(RECORDS FOR THIS EXERCISE begins)
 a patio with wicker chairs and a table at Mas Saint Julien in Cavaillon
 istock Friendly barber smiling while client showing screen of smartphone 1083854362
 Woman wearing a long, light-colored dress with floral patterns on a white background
(RECORDS FOR THIS EXERCISE ends)
(RECORDS FOR THIS EXERCISE begins)
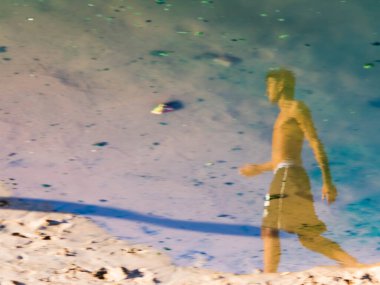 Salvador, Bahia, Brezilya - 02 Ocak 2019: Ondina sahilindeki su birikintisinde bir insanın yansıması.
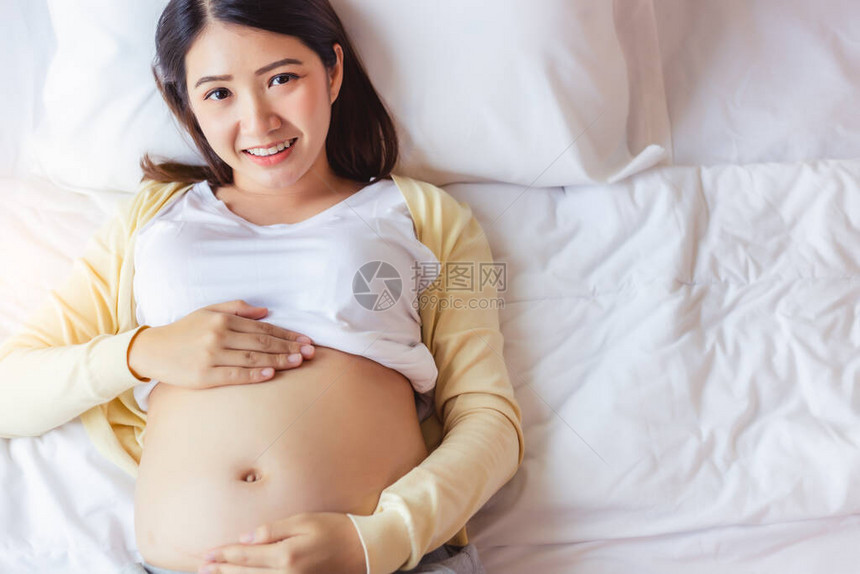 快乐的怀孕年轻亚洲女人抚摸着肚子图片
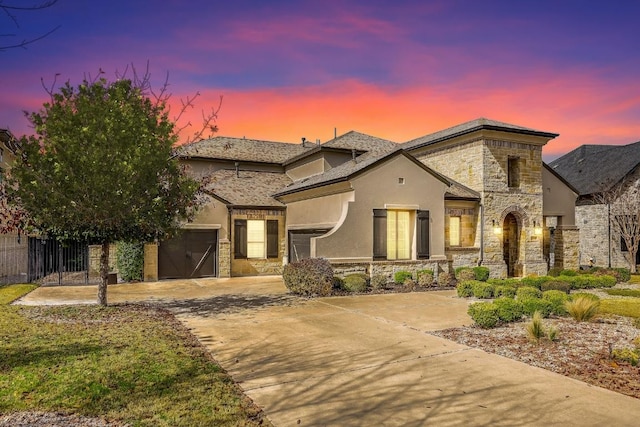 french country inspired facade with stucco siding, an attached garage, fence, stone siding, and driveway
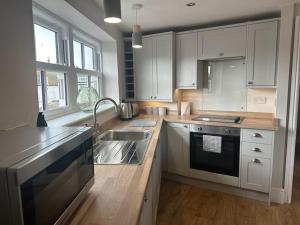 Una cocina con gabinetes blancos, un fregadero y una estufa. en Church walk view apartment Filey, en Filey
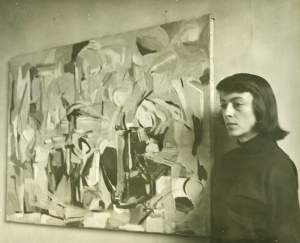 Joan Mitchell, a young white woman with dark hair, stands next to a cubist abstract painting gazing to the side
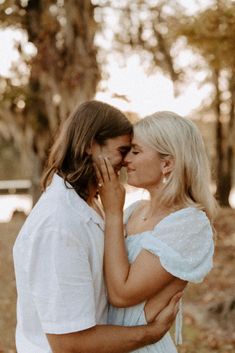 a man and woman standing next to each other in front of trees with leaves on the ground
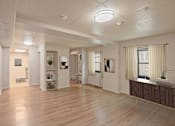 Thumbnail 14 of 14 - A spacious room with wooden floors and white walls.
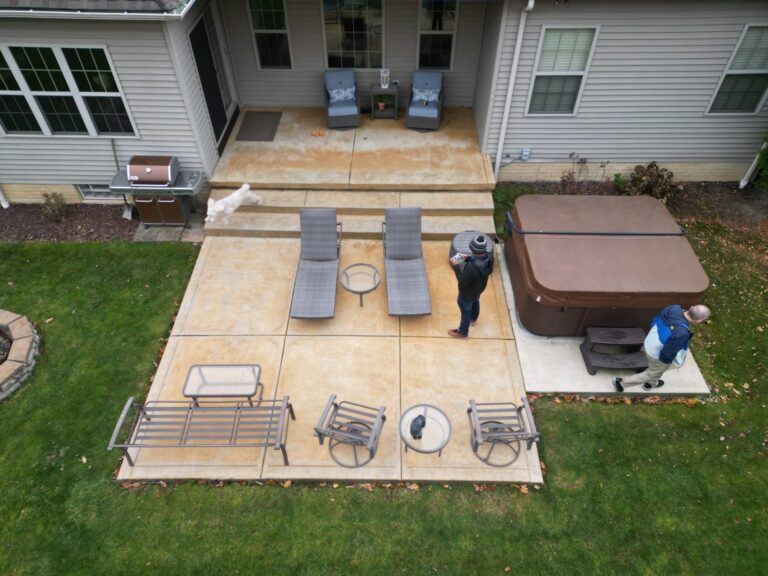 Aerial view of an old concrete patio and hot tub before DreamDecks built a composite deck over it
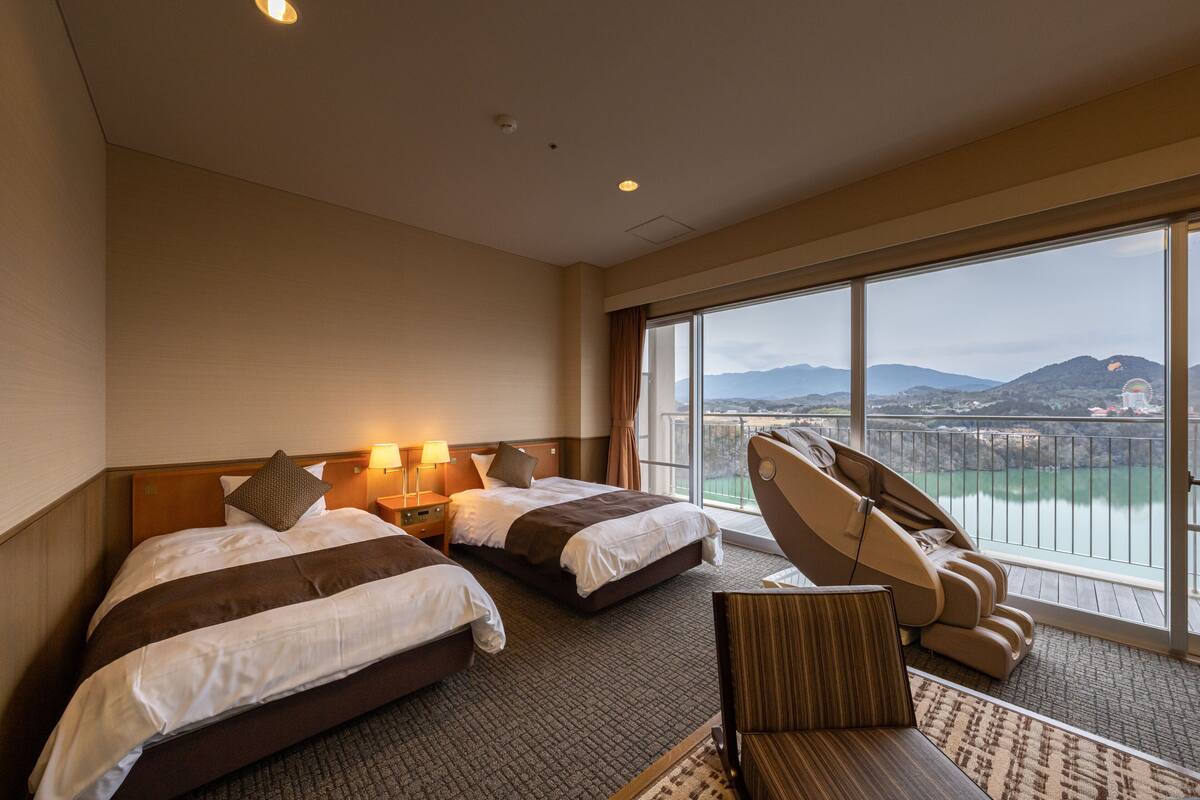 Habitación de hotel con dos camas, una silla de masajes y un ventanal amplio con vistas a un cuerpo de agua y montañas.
(RECORDS FOR THIS EXERCISE ends)
◆ **EXERCISE**: Above this instruction are the records; retype exactly the lines from the one containing "a patio with" up to and including the one containing "Woman wearing a".

◆ **EXERCISE OUTPUT**:
 a patio with wicker chairs and a table at Mas Saint Julien in Cavaillon
 istock Friendly barber smiling while client showing screen of smartphone 1083854362
 Woman wearing a long, light-colored dress with floral patterns on a white background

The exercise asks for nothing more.